What to work on
Using the records below, output the stretch that opens with the line containing "HBrookePhoenix's tweet photo." and closes with the line containing "Apple iPhone 11 4", exactly and including both lines, with nothing more.

[Data excerpts]
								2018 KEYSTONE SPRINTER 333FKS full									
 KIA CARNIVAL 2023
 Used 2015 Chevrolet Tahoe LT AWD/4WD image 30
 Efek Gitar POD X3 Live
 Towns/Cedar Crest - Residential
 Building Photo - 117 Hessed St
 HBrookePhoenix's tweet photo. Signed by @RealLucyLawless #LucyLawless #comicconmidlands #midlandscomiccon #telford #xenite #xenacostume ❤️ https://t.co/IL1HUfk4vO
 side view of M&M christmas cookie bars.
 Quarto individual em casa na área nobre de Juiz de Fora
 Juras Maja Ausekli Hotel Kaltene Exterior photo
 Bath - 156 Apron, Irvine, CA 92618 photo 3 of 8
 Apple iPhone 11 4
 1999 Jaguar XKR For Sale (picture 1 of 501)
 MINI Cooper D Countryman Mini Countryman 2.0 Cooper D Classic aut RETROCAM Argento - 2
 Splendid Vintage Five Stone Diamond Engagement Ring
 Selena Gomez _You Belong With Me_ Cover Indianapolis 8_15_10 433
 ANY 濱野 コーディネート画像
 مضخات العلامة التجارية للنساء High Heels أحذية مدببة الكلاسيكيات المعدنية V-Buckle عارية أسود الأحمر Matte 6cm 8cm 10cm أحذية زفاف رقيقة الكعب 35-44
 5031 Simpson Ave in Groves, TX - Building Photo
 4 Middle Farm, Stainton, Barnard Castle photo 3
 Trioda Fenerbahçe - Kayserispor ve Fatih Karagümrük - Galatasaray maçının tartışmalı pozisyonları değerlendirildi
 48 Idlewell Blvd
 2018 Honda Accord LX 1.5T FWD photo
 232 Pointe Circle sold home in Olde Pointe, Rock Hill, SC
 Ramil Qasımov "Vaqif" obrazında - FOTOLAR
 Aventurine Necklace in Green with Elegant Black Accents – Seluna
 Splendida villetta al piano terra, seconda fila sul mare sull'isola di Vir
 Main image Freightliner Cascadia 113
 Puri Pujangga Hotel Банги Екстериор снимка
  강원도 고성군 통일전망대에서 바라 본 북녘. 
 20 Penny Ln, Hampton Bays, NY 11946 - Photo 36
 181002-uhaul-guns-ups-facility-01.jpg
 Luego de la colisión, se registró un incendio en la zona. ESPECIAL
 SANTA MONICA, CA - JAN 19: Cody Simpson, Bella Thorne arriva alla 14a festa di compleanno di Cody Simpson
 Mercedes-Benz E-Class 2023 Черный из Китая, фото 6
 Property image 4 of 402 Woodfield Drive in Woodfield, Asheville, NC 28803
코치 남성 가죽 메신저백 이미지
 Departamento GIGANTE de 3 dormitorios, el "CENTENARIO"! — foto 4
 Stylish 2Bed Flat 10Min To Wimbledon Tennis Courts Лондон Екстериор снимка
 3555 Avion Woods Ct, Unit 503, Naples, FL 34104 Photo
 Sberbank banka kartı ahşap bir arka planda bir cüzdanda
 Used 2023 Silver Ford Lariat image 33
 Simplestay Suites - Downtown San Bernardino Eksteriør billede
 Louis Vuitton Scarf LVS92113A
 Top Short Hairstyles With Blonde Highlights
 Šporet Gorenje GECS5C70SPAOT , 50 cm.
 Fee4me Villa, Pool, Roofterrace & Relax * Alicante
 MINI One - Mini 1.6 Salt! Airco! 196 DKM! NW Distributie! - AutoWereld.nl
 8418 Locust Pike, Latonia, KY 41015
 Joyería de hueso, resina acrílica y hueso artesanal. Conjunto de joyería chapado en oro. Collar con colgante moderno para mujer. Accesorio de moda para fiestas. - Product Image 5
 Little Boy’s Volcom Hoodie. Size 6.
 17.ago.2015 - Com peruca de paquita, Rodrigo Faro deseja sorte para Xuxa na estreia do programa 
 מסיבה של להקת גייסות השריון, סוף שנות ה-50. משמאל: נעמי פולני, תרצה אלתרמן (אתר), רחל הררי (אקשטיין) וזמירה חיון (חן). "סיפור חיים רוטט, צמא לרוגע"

Final answer
 HBrookePhoenix's tweet photo. Signed by @RealLucyLawless #LucyLawless #comicconmidlands #midlandscomiccon #telford #xenite #xenacostume ❤️ https://t.co/IL1HUfk4vO
 side view of M&M christmas cookie bars.
 Quarto individual em casa na área nobre de Juiz de Fora
 Juras Maja Ausekli Hotel Kaltene Exterior photo
 Bath - 156 Apron, Irvine, CA 92618 photo 3 of 8
 Apple iPhone 11 4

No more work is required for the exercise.